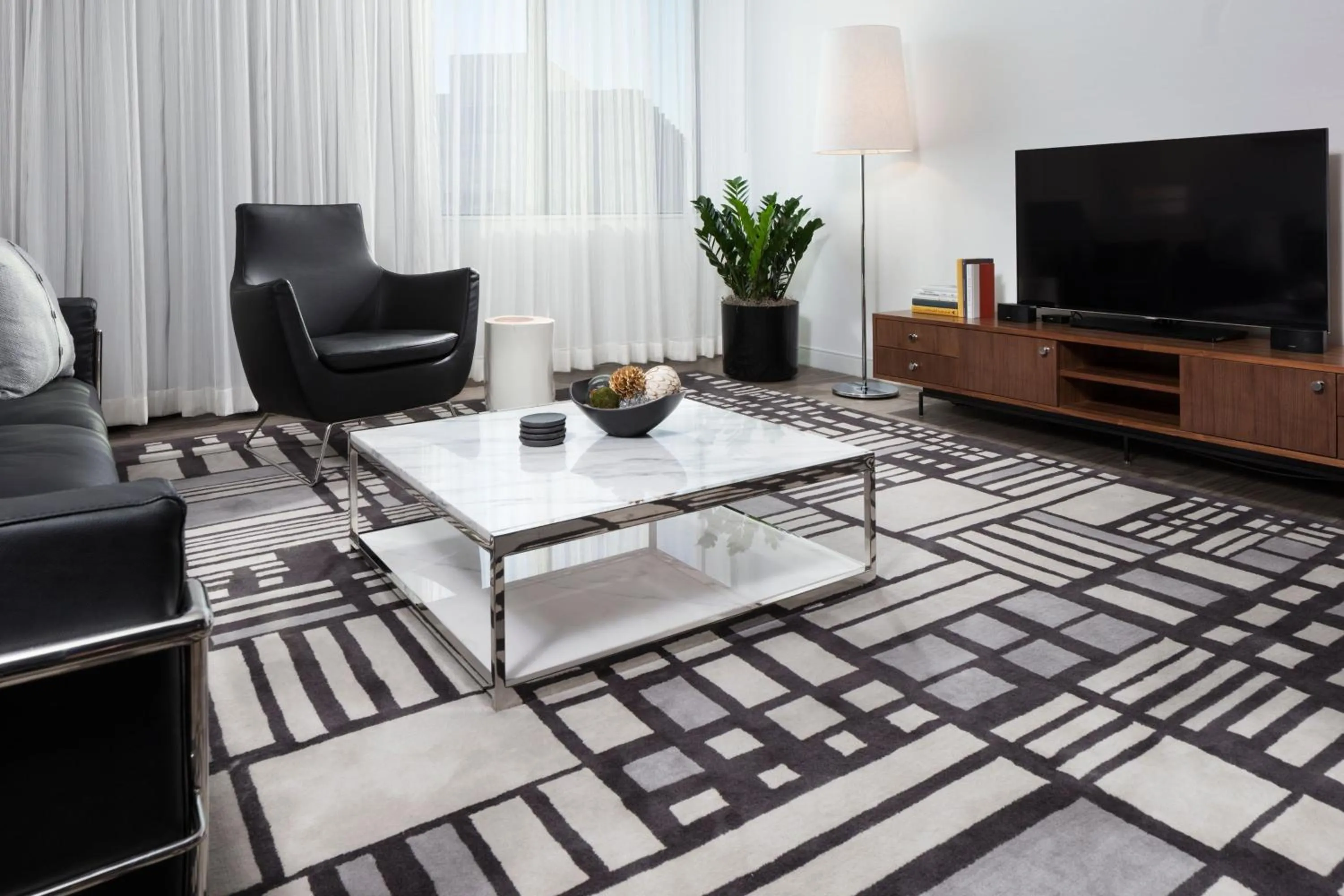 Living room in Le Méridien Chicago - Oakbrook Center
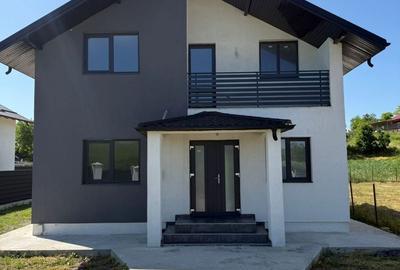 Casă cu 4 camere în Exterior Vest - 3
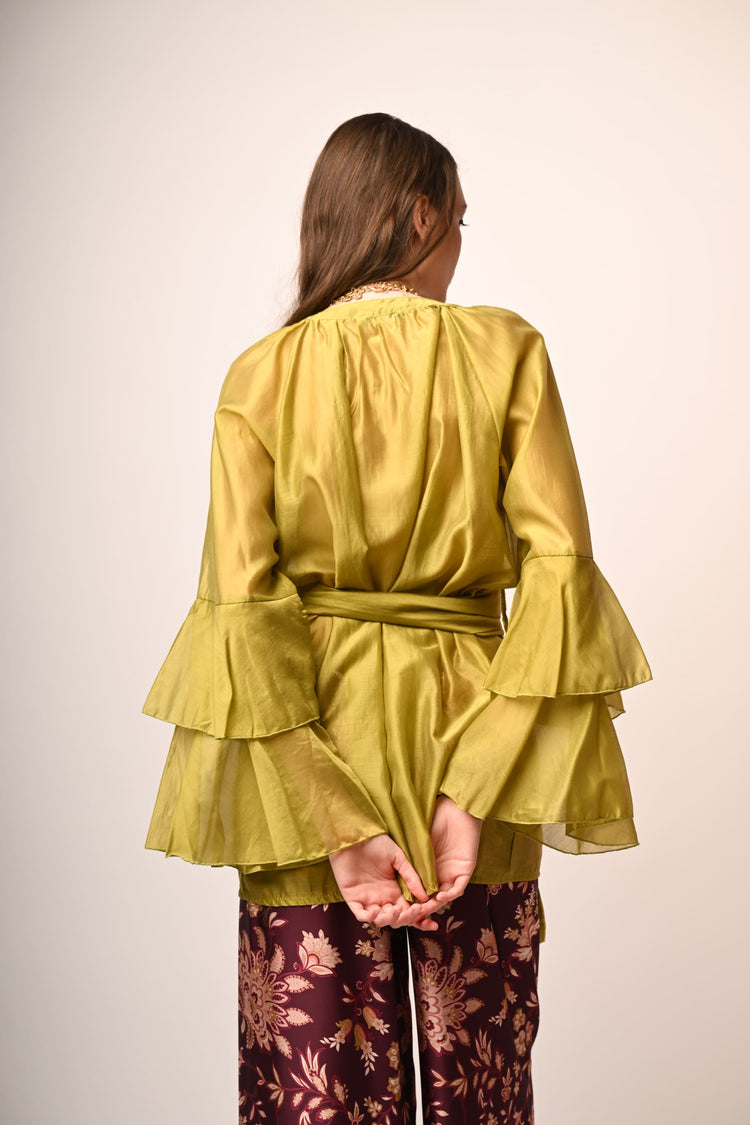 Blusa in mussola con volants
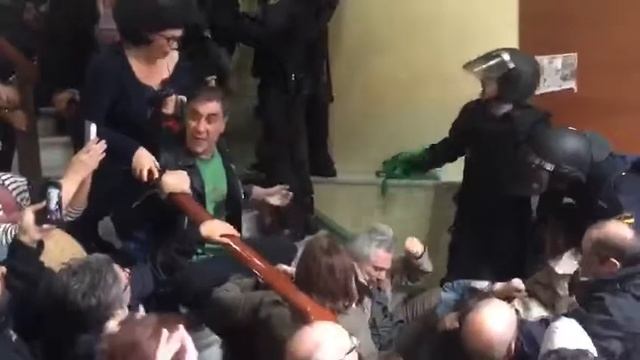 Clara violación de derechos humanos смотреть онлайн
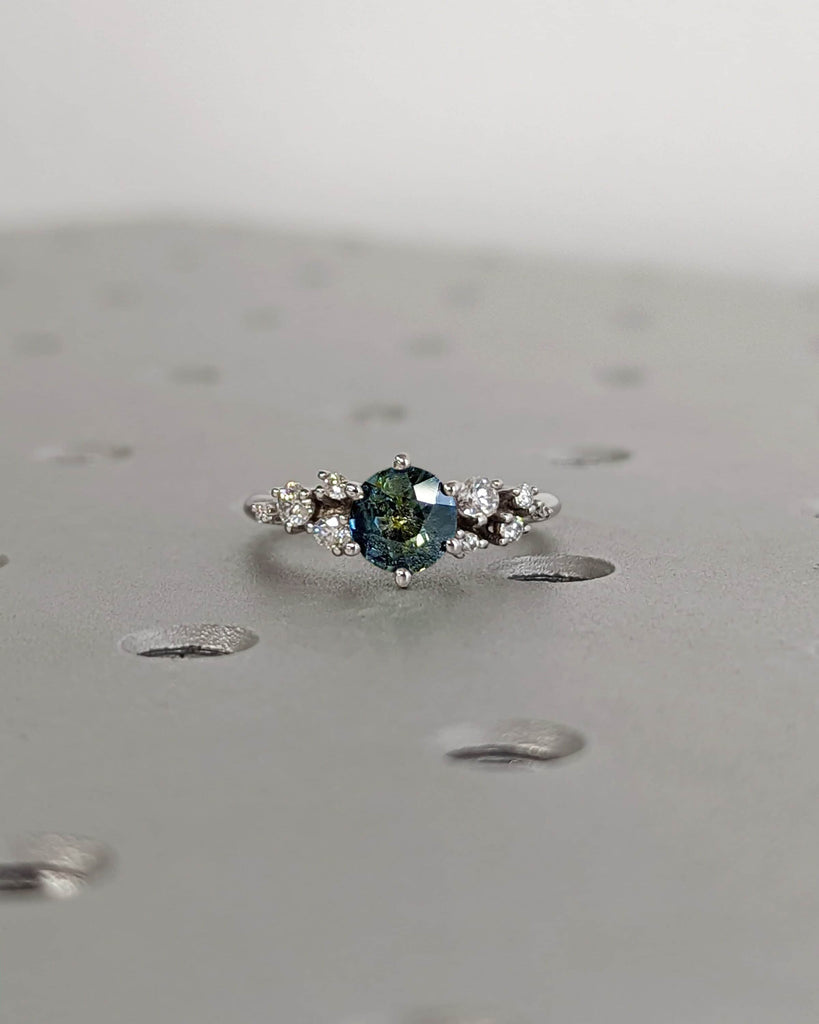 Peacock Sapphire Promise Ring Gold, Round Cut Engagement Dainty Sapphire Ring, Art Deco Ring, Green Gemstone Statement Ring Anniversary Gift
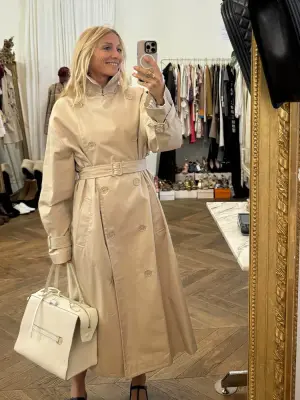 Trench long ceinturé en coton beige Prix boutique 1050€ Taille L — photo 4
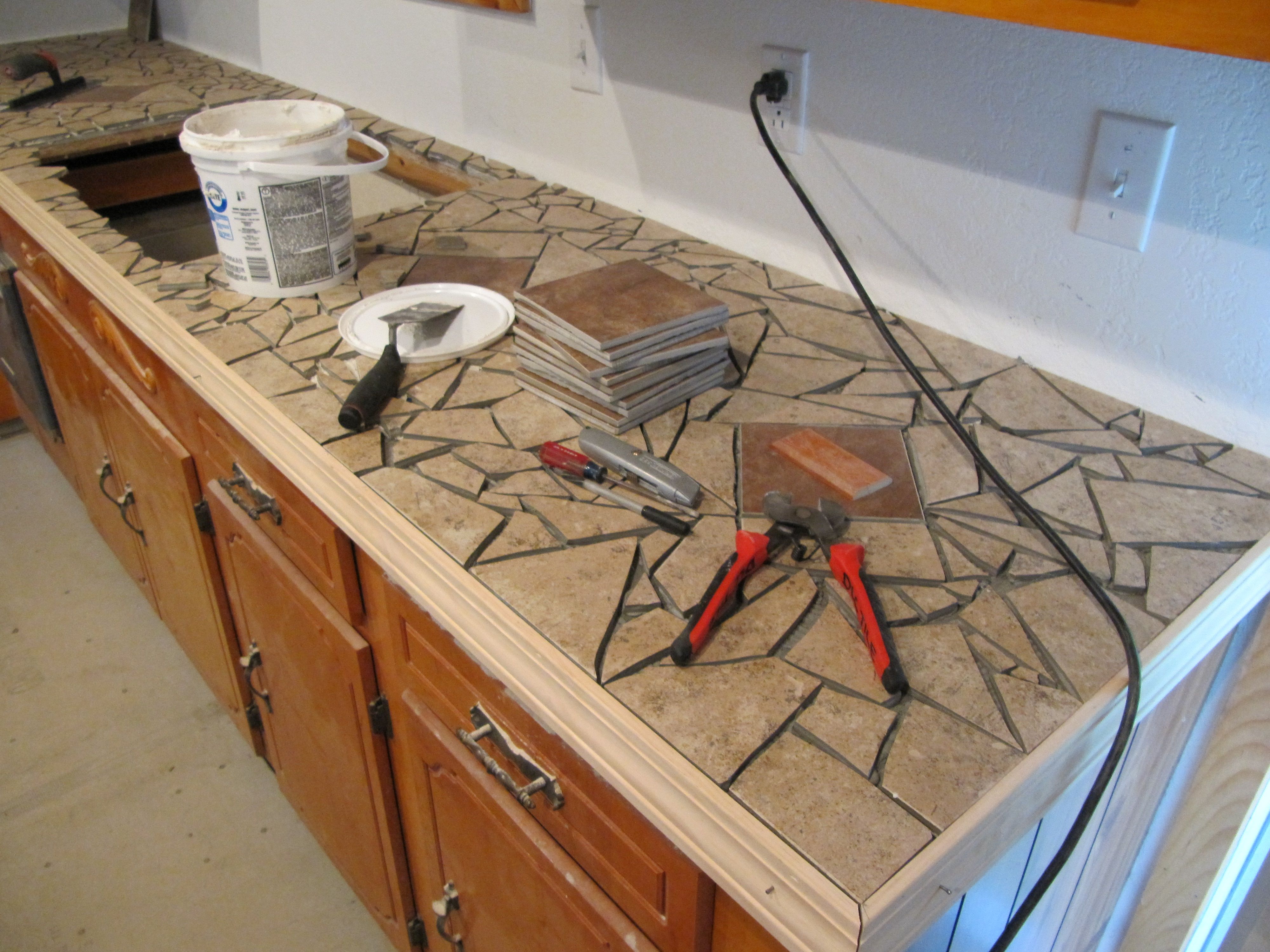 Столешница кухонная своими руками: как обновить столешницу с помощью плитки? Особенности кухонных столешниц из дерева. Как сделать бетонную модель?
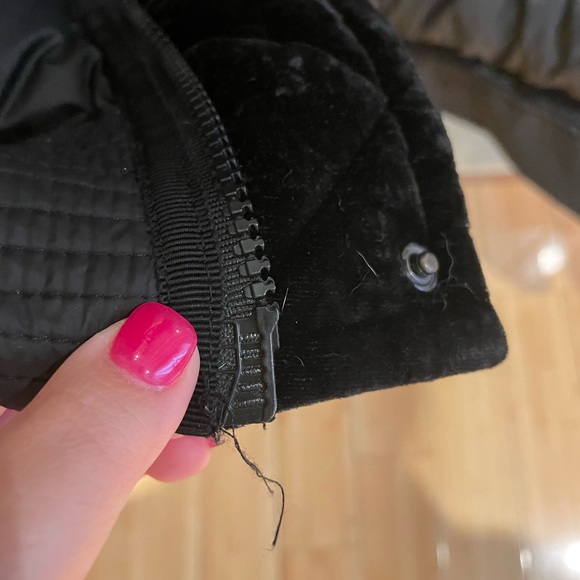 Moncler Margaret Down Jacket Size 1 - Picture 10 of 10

ABOUT THIS EXERCISE
Write out, please, the lines of the listing above from the one with "Столешница кухонная своими" through the very last, exactly as given and with no pictures.

TASK ANSWER
 Столешница кухонная своими руками: как обновить столешницу с помощью плитки? Особенности кухонных столешниц из дерева. Как сделать бетонную модель?
 Moncler Margaret Down Jacket Size 1 - Picture 10 of 10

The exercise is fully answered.